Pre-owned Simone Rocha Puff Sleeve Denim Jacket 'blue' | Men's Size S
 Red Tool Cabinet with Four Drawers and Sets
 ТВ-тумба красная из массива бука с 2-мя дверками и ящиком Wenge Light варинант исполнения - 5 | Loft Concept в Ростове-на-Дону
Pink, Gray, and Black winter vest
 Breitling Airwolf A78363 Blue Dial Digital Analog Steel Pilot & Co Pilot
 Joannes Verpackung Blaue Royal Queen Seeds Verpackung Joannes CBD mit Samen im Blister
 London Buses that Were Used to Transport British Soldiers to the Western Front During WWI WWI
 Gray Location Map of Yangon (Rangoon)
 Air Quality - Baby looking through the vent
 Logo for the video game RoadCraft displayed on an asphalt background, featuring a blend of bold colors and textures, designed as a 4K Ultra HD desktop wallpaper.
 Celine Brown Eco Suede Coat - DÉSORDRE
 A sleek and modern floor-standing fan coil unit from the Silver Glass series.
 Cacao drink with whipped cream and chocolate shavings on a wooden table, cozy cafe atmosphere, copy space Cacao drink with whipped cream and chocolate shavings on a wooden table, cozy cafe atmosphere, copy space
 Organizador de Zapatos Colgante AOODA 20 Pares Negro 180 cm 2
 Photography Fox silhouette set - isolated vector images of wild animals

==============================

**REQUIREMENT:** From the first line of the records above down to the line containing "copy space Cacao", repeat each line exactly as written. Include both of those lines and add nothing.

**RESULT:**
Pre-owned Simone Rocha Puff Sleeve Denim Jacket 'blue' | Men's Size S
 Red Tool Cabinet with Four Drawers and Sets
 ТВ-тумба красная из массива бука с 2-мя дверками и ящиком Wenge Light варинант исполнения - 5 | Loft Concept в Ростове-на-Дону
Pink, Gray, and Black winter vest
 Breitling Airwolf A78363 Blue Dial Digital Analog Steel Pilot & Co Pilot
 Joannes Verpackung Blaue Royal Queen Seeds Verpackung Joannes CBD mit Samen im Blister
 London Buses that Were Used to Transport British Soldiers to the Western Front During WWI WWI
 Gray Location Map of Yangon (Rangoon)
 Air Quality - Baby looking through the vent
 Logo for the video game RoadCraft displayed on an asphalt background, featuring a blend of bold colors and textures, designed as a 4K Ultra HD desktop wallpaper.
 Celine Brown Eco Suede Coat - DÉSORDRE
 A sleek and modern floor-standing fan coil unit from the Silver Glass series.
 Cacao drink with whipped cream and chocolate shavings on a wooden table, cozy cafe atmosphere, copy space Cacao drink with whipped cream and chocolate shavings on a wooden table, cozy cafe atmosphere, copy space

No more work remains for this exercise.